One would wonder if even 2 out of 100 cases get a fair hearing at the adjudication level. In most cases, orders are mechanically passed without any application of mind whatsoever, confirming the allegations made in show cause notices. I had once mentioned, writing in TIOL, in an earlier occasion, that, the ‘S to S’ syndrome works in the Central Indirect Tax administration. Here, of course, the first ‘S’ refers to the allpowerful Superintendent and the second ‘S’ refers to the Hon’ble Supreme Court. The only two agencies who can bring finality to tax related issues are the Hon’ble Supreme Court and the Superintendents.
Be that as it may one finds that, while exercising their quasi-judicial functions as adjudicating officers, most Commissioners are not willing to consider the binding precedents in terms of the decisions of the Courts and the CESTAT. Even when the assessee/appellant brings the details of these binding precedents to the notice to the Adjudicating Commissioners, the case of the assessee/appellant is brushed aside with a generic comment that, the facts of the assessee/appellant are ‘distinguishable on facts’. Sadly, this ‘revenue orientation’ approach would also seem to have gripped the Appellate Commissioners who seem very eager to reject the legitimate claims of the appellants on flimsy grounds, totally ignoring the impact of the binding
precedents. In my view, the greater concern lies in the Appellate Commissioners rather than the Adjudicating Commissioners, not following the binding precedents. I have come across cases where some Appellate Commissioners have assumed themselves to be super-Adjudicating Officers and have traversed much beyond the adjudication orders.
Whether it is a case seeking levy of service tax or one involving claim of a refund of CENVAT credit, the story is the same. The assessee/appellant is left to face a very hostile and adversarial central indirect tax administration in matters of refund cases and the only forum where justice can be expected would seem to be the Hon’ble CESTAT. Even if by chance, the assessee is able to get some remedy before the Appellate Commissioners, the Department invariably goes in appeal to the CESTAT, even in cases where they do not seem to have a ghost’s chance of winning the appeal. This explains the piling up of the appeals before the CESTAT and in most Benches it would seem that the time gap between the stay hearings and the final hearings could easily run to several years. This is a sad state of affairs to say the least and a significant portion of the blame would seem to lie with the Adjudicating and Appellate Commissioners.

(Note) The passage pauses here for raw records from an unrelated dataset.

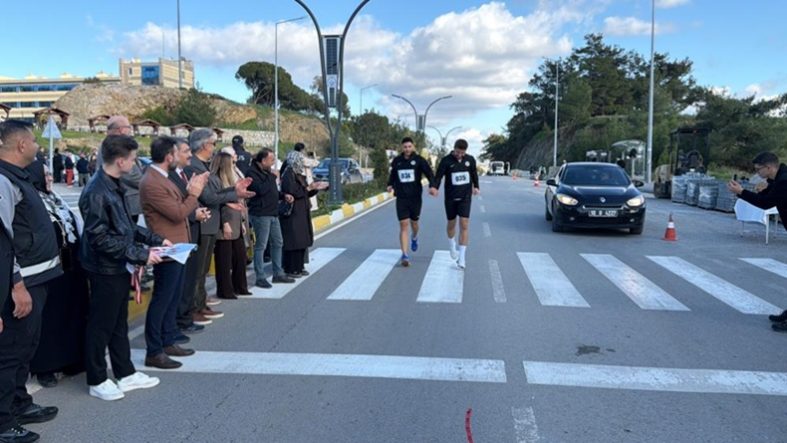 Balıkesir’de Gazze İçin Dayanışma Koşusu Gençler Adalet İçin Koştu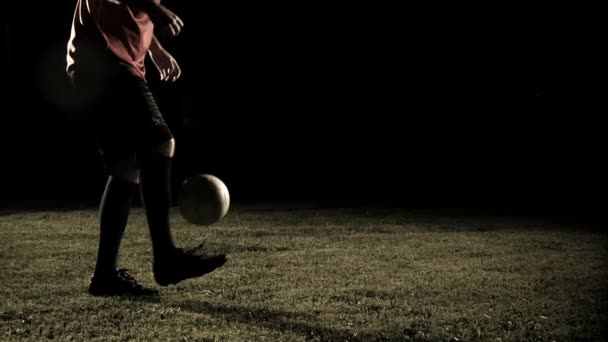 Joueur de football jouant avec le mouvement lent de boule 1 — Video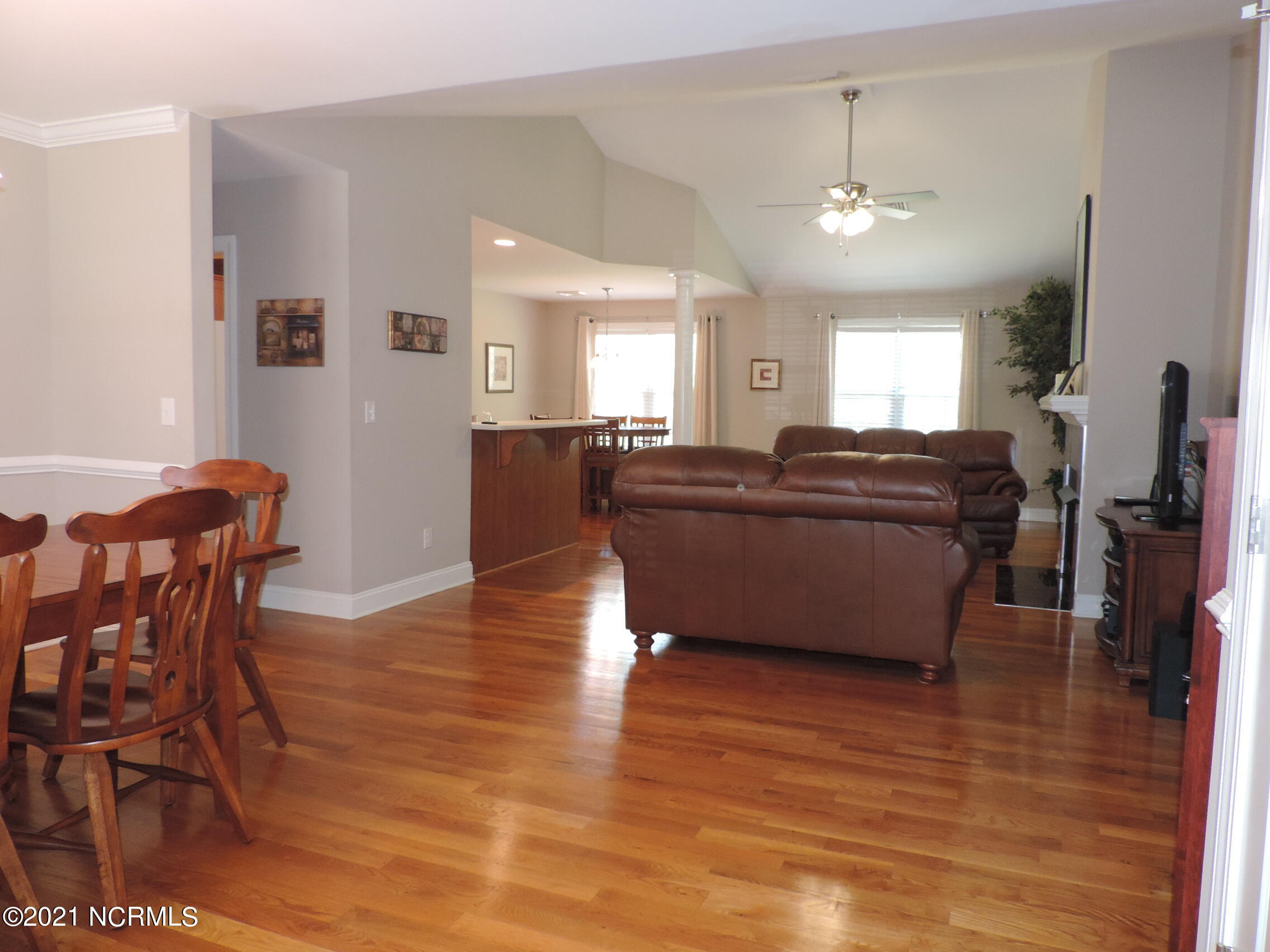 138 Pine Cove Road New Bern, NC 28562 - Photo 26 of 26 open floor plan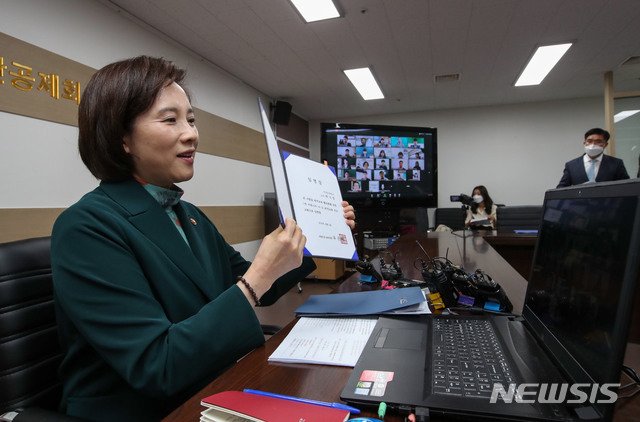 [서울=뉴시스] 고범준 기자 = 유은혜 사회부총리 겸 교육부 장관이 6일 오전 서울 영등포구 교육시설공제회관에서 열린 1만 커뮤니티 온라인 임명식에서 교원 대표들에게 임명장을 수여하고 있다. 2020.04.06. photo@newsis.com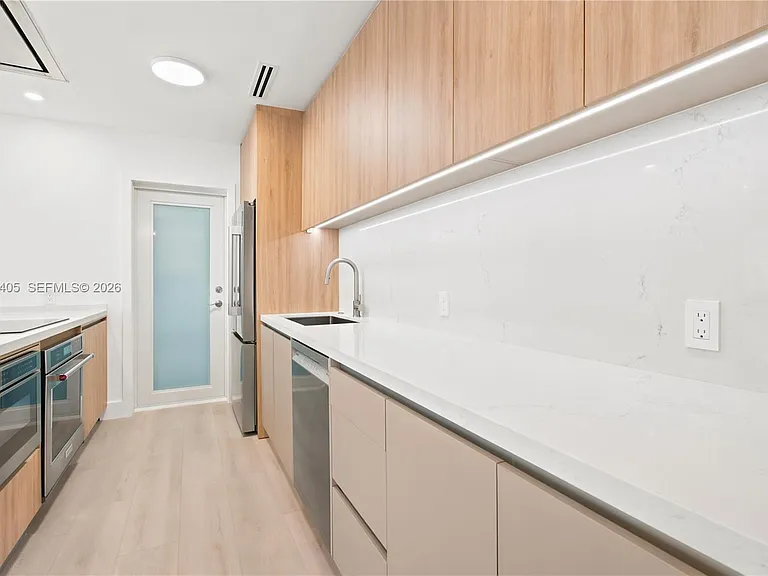 260 Sunrise Dr #E — Photo 7
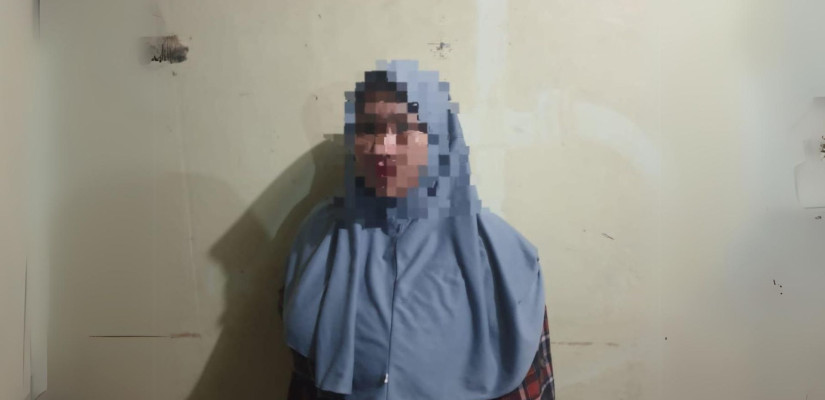 Polisi usai mengamankan pelaku kekerasan terhadap anak di Samarinda. (Ist)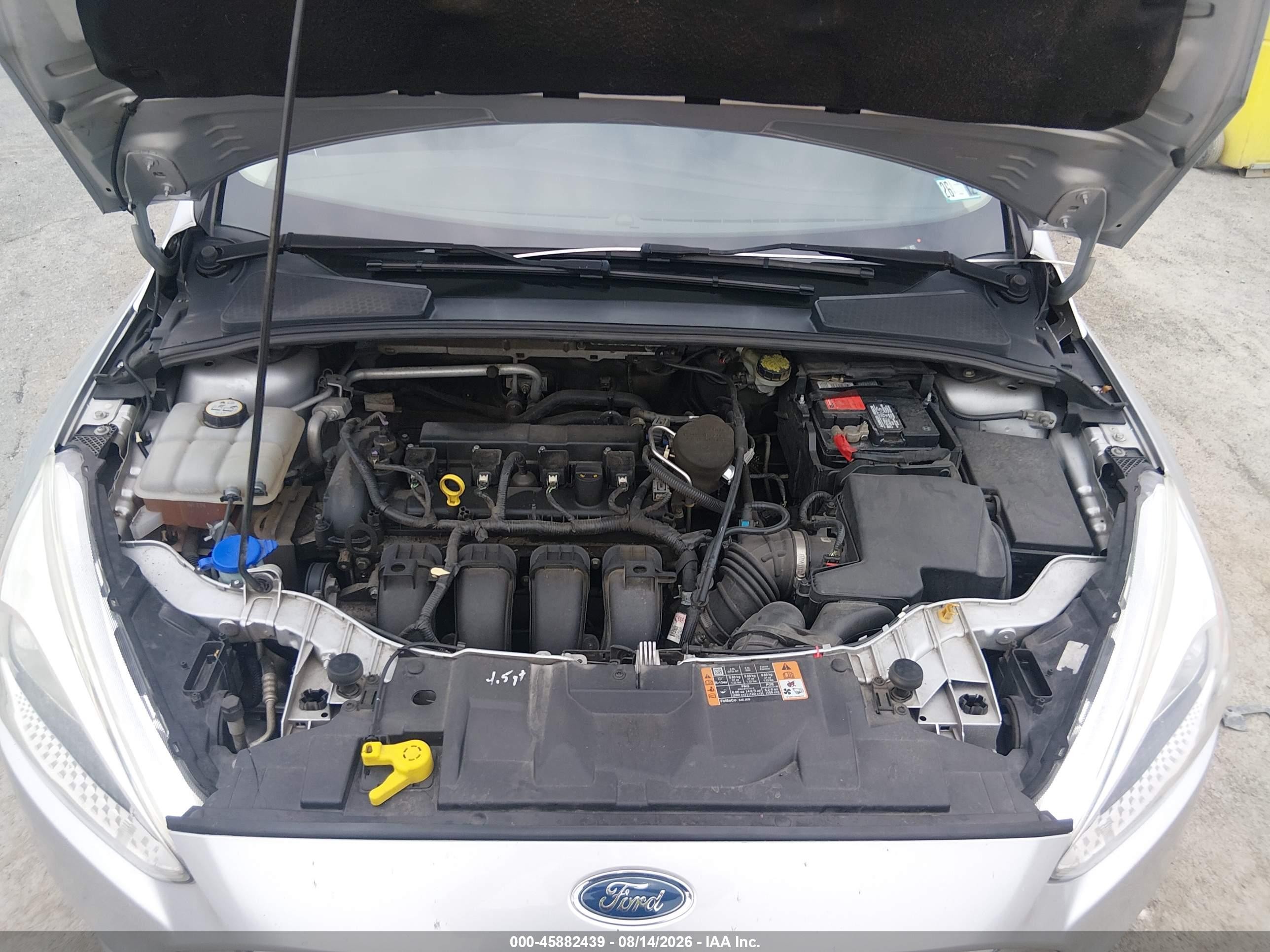 2015 Ford Focus Se Серебряный vin: 1FADP3F27FL329363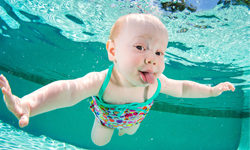 小嬰兒也有輕浮的一面？水下賣萌Baby的神情將再度擄獲你心 Seth Casteel、Baby、賣萌、可愛、水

I was pleased (at the cost of being called a sadistic) when I came across a recent decision of the Delhi CESTAT in Hindustan Zinc Limited v. CCE, Jaipur 2014-TIOL-855-CESTAT-DEL, in which their Lordships have taken a very serious view of the judicial impropriety committed by the Adjudicating Commissioner by not following the judicial precedents binding on him. I’ve reproduced the relevant para of this very important decision…
“11. In view of the above discussion, we hold that the impugned order is not only sustainable but is an absurd order passed without any application of mind. What we find more disturbing is that though the judgments of Tribunal and High Court with regard to eligibility of various insurance services for Cenvat Credit:-
(a) xxx; and
had been cited before the Commissioner (as mentioned in para 11 of the order-in-original), he has either ignored these judgments and not given any findings as to how these judgments are not applicable or has made observations contrary for the judgments of the Tribunal/High Court and has decided the question of eligibility of various insurance services for Cenvat credit on the basis of his own interpretation of Rule 2 (1) of Cenvat Credit Rules, 2004 observing that amendment to this rule w.e.f. 01.04.2011 is a retrospective amendment and the insurance services, in question, have no nexus with manufacture of final products. The conduct of the Learned Commissioner amounts to clear judicial indiscipline and irresponsible exercise of adjudication function. Such exercise of adjudication powers in blatant violation of Apex Court’s judgment in case of Union of India Vs. Kamlakshi Finance Corporation Ltd., reported in 2002-TIOL-484-SC-CX-LB requires to be
censured as, if allowed to go unchecked, would lead to collapse of entire dispute resolution mechanism. Such adjudication orders burden not only the Assessee who has to incur avoidable expenses on challenging such order before the Courts/Tribunal, but also impose clearly avoidable costs for the Government, as the Tribunal’s/Court’s valuable time is also consumed in hearing appeals against such clearly erroneous and indisciplined orders, which should never have been passed.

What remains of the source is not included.